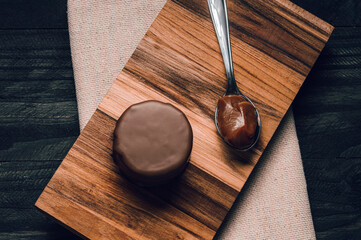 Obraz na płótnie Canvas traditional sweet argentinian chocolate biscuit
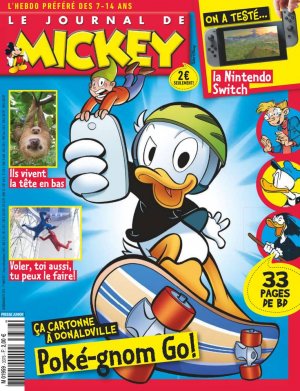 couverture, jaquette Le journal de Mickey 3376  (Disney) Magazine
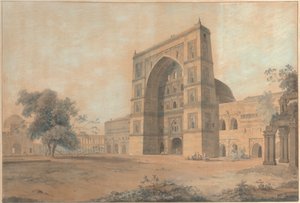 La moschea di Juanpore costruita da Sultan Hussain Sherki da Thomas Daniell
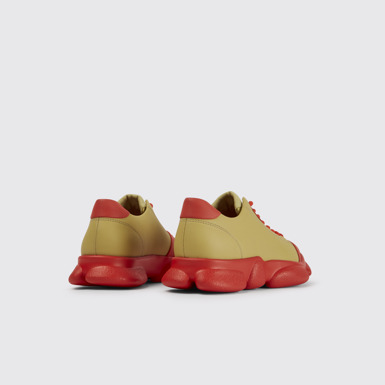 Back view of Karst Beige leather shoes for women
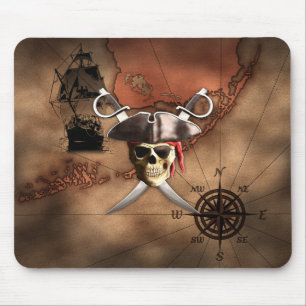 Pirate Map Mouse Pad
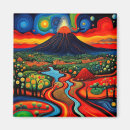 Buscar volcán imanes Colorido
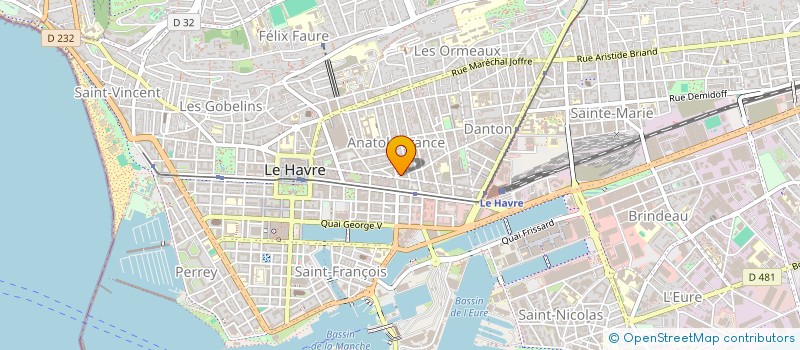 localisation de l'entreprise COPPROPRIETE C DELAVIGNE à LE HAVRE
================
▶ _EXERCISE DESCRIPTION_: Reproduce the listing exactly. Do not include its images.

▶ _TASK ANSWER_:
 Obraz na płótnie Canvas traditional sweet argentinian chocolate biscuit
 couverture, jaquette Le journal de Mickey 3376  (Disney) Magazine
 La moschea di Juanpore costruita da Sultan Hussain Sherki da Thomas Daniell
 Back view of Karst Beige leather shoes for women
 Pirate Map Mouse Pad
 Buscar volcán imanes Colorido
 localisation de l'entreprise COPPROPRIETE C DELAVIGNE à LE HAVRE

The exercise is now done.